Autores:  Inês Correia

O Supremo Tribunal de Justiça (STJ), no Acórdão n.º 13/2024, veio uniformizar jurisprudência ao estabelecer que as rendas vencidas nos contratos de locação financeira prescrevem no prazo de 5 anos, aplicando por analogia o artigo 310.º, alínea e), do Código Civil. Trata-se de uma viragem relevante na forma como se entende o regime prescricional destas prestações, com impacto direto sobre instituições financeiras e sociedades comerciais.

O caso analisado envolvia um contrato de locação financeira imobiliária em que a locatária deixou de pagar várias prestações. Quando a instituição financeira avançou judicialmente, a devedora alegou prescrição de parte das rendas por já terem decorrido mais de cinco anos desde o seu vencimento.

Atente que, nestes contratos, o objeto pode ser tanto bens moveis como imóveis. No entanto, como se verá adiante, o tribunal não condicionou a sua decisão à natureza do bem locado, nem formulou entendimento distinto em função dessa variável.  

Historicamente, estas prestações eram consideradas como obrigações de prestação única e, por isso, sujeitas ao prazo geral de 20 anos previsto no artigo 309.º do CC. No entanto, o STJ entendeu que essa perspetiva já não se adequa à realidade económica e contratual destes contratos.

Porquê a mudança?

O tribunal começou por excluir a aplicação direta das alíneas b) e e) do artigo 310.º:

  • A alínea b) diz respeito a contratos de locação, mas o tribunal entende que a locação financeira tem uma natureza jurídica e económica distinta, envolvendo amortização de capital e juros, para além da mera fruição do bem.
  • A alínea e) refere-se a prestações periodicamente renováveis, como rendas ou pensões. No entanto, no caso da locação financeira, as prestações são determinadas à partida, com montantes e prazos fixados no contrato — o que afasta a lógica de renovação automática que esta norma pretendeu abranger.

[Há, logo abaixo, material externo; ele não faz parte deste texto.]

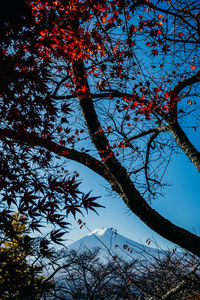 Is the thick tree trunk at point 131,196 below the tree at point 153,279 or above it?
above

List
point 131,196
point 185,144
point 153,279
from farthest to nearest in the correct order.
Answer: point 153,279 < point 185,144 < point 131,196

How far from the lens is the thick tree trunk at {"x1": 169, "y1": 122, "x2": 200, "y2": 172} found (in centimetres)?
395

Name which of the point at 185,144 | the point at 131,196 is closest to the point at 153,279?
the point at 131,196

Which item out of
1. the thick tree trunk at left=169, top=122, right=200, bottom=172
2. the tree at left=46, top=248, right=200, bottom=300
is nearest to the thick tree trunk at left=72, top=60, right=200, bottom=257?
the tree at left=46, top=248, right=200, bottom=300

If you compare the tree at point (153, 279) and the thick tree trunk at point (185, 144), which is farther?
the thick tree trunk at point (185, 144)

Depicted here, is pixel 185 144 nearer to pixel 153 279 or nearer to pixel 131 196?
pixel 131 196

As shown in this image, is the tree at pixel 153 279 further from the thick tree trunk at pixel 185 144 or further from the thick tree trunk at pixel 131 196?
the thick tree trunk at pixel 185 144

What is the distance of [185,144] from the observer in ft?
13.8

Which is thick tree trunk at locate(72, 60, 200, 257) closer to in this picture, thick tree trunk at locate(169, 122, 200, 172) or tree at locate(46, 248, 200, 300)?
tree at locate(46, 248, 200, 300)

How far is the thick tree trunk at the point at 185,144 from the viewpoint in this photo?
3.95 meters

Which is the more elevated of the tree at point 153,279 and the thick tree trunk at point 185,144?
the thick tree trunk at point 185,144

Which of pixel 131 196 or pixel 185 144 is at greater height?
pixel 185 144

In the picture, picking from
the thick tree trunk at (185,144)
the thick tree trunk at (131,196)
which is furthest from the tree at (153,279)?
the thick tree trunk at (185,144)

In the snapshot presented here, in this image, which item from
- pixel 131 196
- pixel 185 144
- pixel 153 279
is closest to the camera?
pixel 131 196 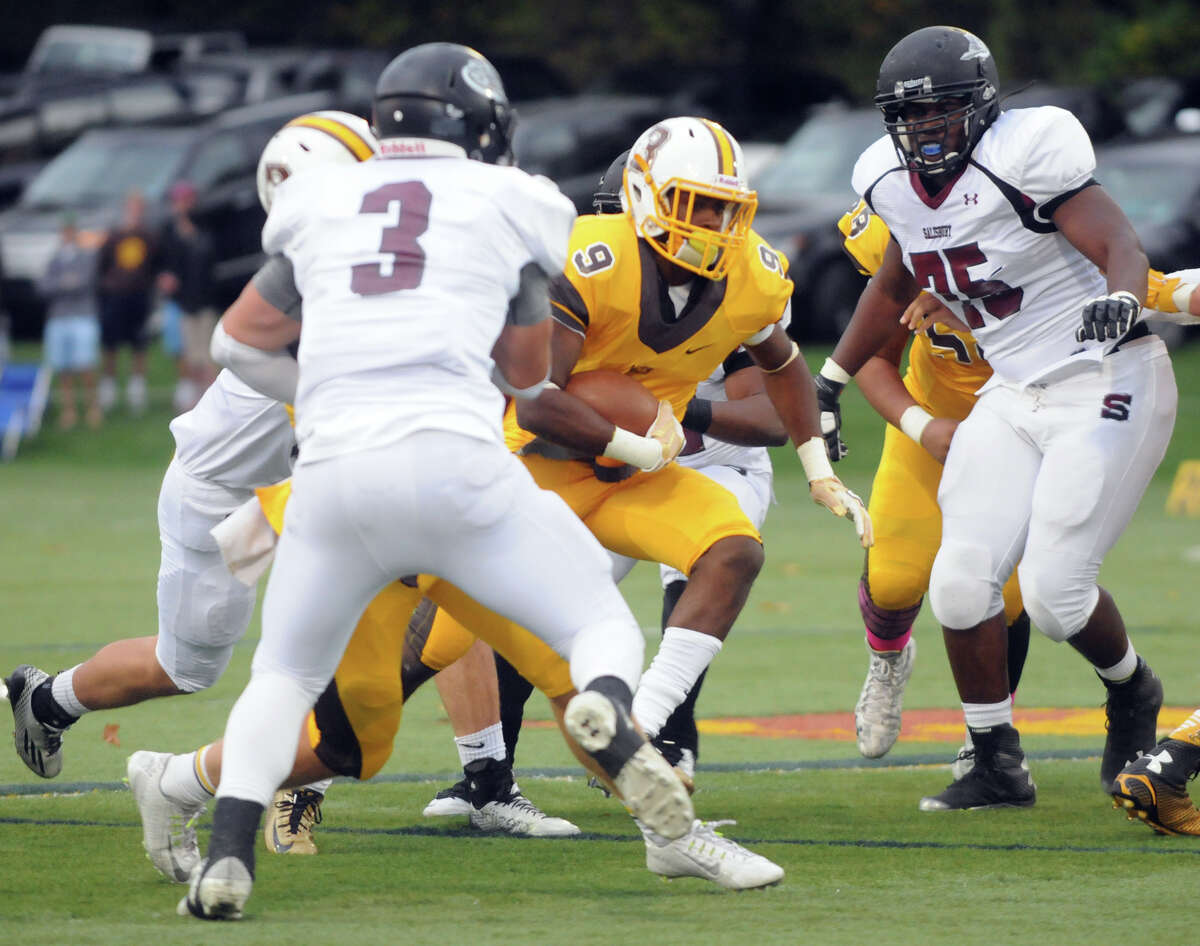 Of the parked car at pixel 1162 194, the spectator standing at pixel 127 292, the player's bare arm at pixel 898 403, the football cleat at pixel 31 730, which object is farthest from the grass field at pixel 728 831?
the spectator standing at pixel 127 292

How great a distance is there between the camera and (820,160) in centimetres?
1784

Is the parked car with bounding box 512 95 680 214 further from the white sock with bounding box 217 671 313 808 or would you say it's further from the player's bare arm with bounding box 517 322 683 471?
the white sock with bounding box 217 671 313 808

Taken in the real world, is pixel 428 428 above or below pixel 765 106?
above

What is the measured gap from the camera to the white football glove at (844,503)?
Answer: 497cm

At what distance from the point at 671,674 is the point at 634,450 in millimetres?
540

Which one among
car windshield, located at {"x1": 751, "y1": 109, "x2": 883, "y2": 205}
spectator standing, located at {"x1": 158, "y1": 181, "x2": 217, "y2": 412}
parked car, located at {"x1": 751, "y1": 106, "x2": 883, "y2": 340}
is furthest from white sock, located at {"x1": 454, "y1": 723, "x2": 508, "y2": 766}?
car windshield, located at {"x1": 751, "y1": 109, "x2": 883, "y2": 205}

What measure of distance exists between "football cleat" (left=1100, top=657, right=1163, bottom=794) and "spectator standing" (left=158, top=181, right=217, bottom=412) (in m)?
12.1

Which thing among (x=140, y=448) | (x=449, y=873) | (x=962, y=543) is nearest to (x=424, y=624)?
(x=449, y=873)

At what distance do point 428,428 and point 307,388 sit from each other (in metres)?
0.30

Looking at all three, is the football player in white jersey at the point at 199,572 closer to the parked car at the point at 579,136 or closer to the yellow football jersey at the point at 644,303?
the yellow football jersey at the point at 644,303

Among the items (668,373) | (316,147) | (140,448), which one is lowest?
(140,448)

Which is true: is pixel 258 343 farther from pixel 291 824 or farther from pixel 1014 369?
pixel 1014 369

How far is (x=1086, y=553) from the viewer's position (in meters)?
5.24

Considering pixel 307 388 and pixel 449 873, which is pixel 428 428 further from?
pixel 449 873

Apesar destas exclusões, o STJ reconhece que as prestações da locação financeira ocorrem de forma sucessiva, previsível e prolongada no tempo, o que levanta questões de segurança jurídica semelhantes às que justificam o regime da prescrição quinquenal.

Daí que, com base numa interpretação teleológica e sistemática, o Supremo defenda a aplicação por analogia da alínea e) do artigo 310.º, considerando que a lógica subjacente à norma — evitar a cobrança de obrigações antigas e pouco documentadas — se aplica também a estas situações.

Que consequências práticas?

Aqui chegados, que implicações práticas podemos esperar? Vejamos.

  • Para os locadores (instituições financeiras), esta decisão exige maior vigilância sobre a gestão dos créditos vencidos. A inércia poderá implicar a perda definitiva do direito de cobrança de rendas com mais de cinco anos, salvo se houver interrupção da prescrição.
  • Para os locatários (normalmente empresas), o novo entendimento oferece maior segurança jurídica e previsibilidade, podendo até ter impacto em renegociações contratuais.
  • Em termos gerais, esta uniformização jurisprudencial reconfigura o risco contratual na locação financeira, obrigando as partes a ajustar procedimentos, reforçar sistemas de monitorização e repensar estratégias de litigância.